# DATASET EXCERPTS
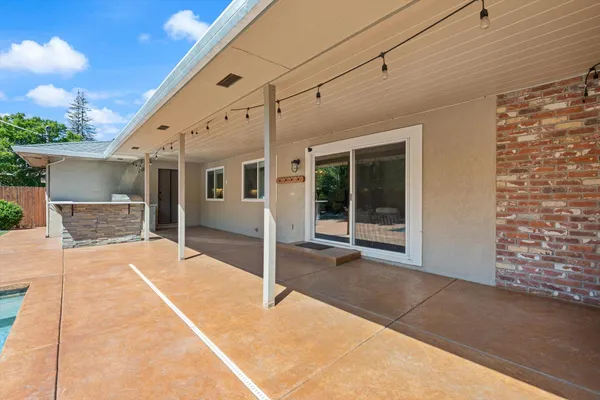 $989,500 | 5808 O Street, Sacramento, CA 95819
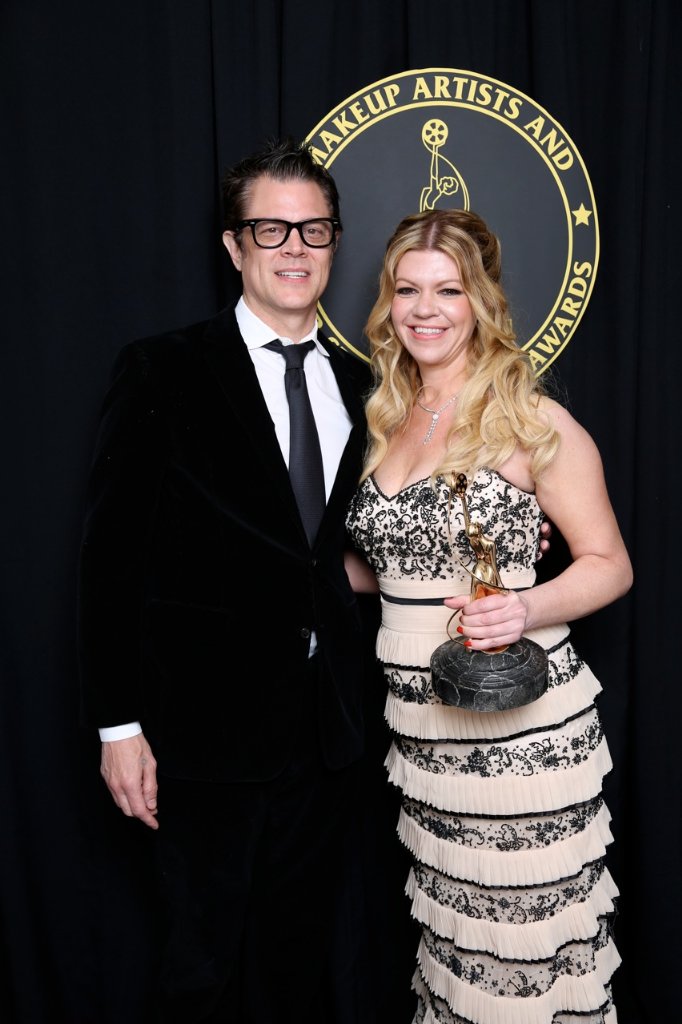 Фото - Робин Мэтьюз: 682x1024 / 97 Кб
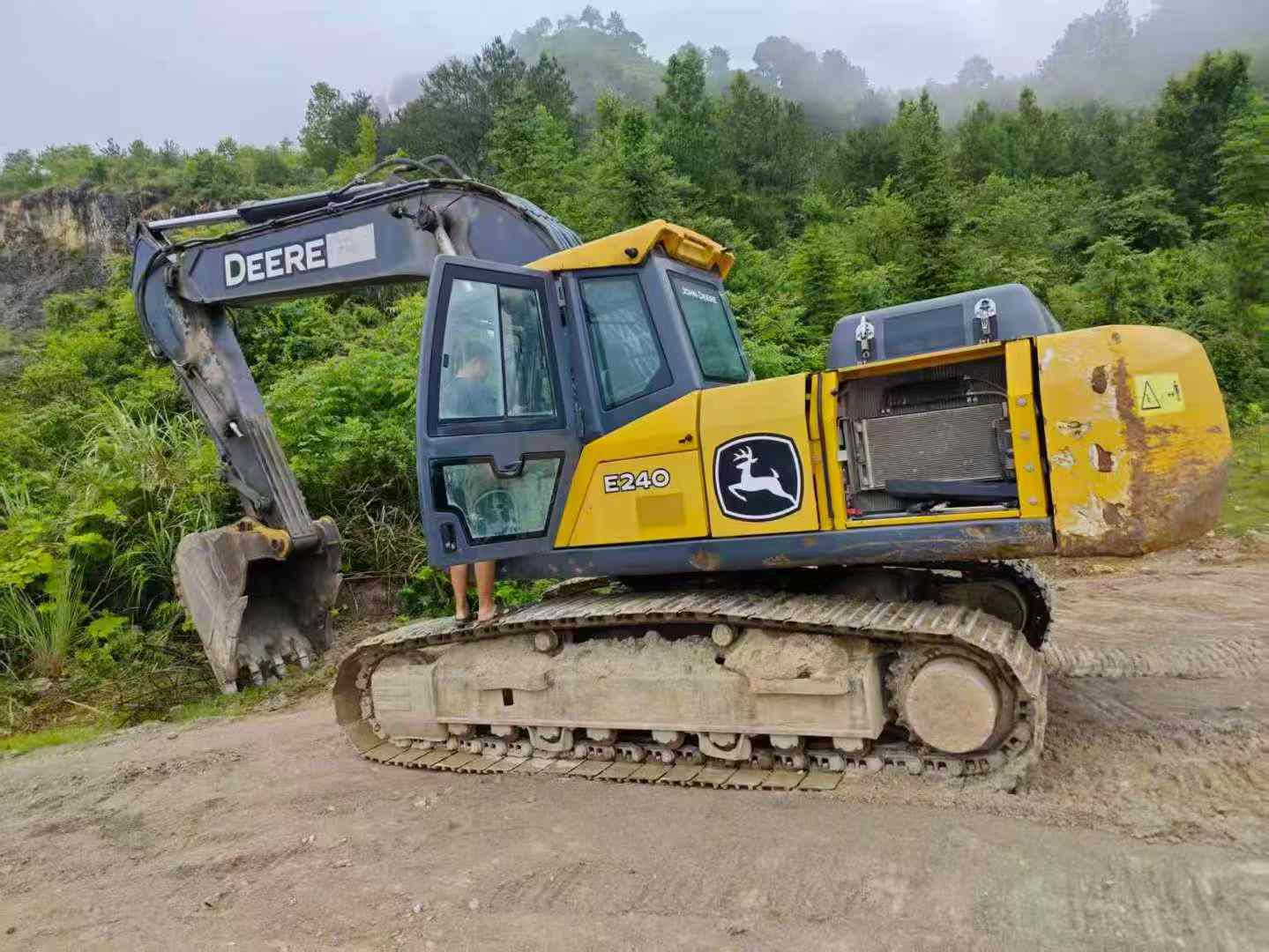 Buy JohnDeere E240 Used Excavator / 2 Used JohnDeere E240 Excavator 2017 Model / 2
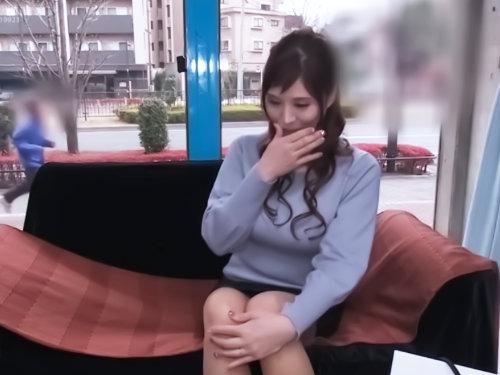 奥さん､､濡れすぎですよ？ｗｗｗｗMM号に迷い込むセレブ美魔女は年下イケメンを前に簡単に脱いで生チンチン挿入に浮気絶頂♡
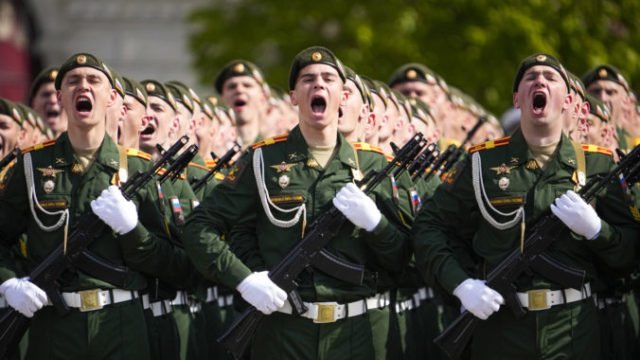 529907_aptopix_russia_victory_day_parade_98636 676x451.jpg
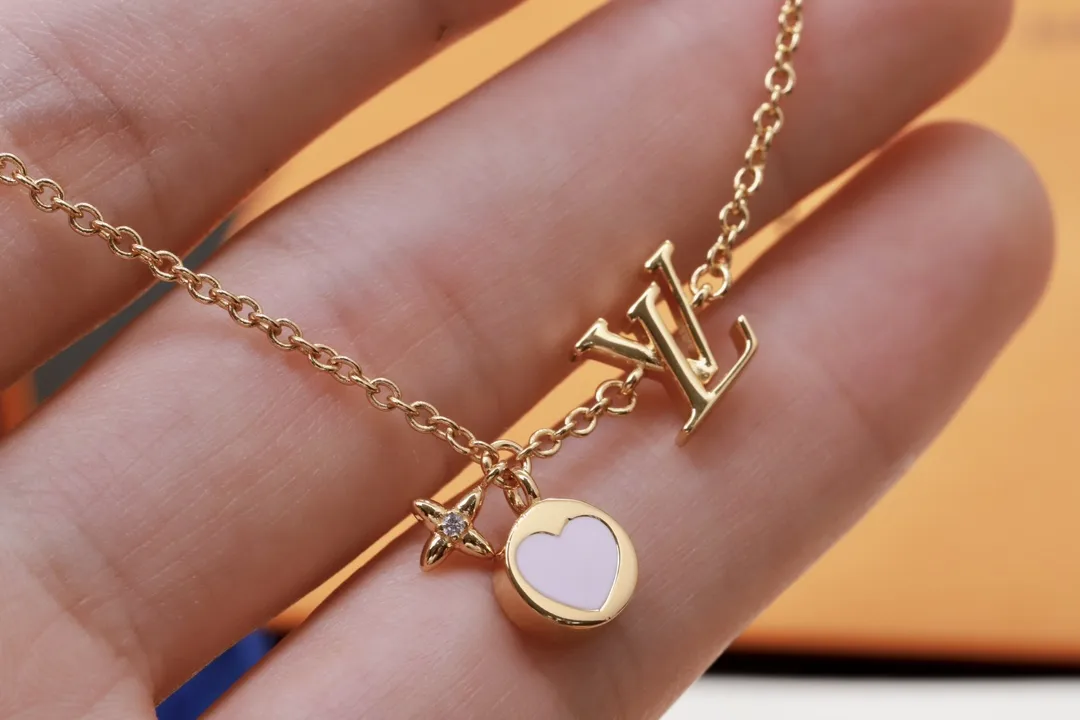 LV Iconic Heart Charm Bracelet D13017581 — view 6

# ACTION ITEM
Print exactly, and only, the lines from the one with "奥さん､､濡れすぎですよ？ｗ" through the last line of the listing above. No pictures belong in the copy.

# ANSWER SPACE
 奥さん､､濡れすぎですよ？ｗｗｗｗMM号に迷い込むセレブ美魔女は年下イケメンを前に簡単に脱いで生チンチン挿入に浮気絶頂♡
 529907_aptopix_russia_victory_day_parade_98636 676x451.jpg
 LV Iconic Heart Charm Bracelet D13017581 — view 6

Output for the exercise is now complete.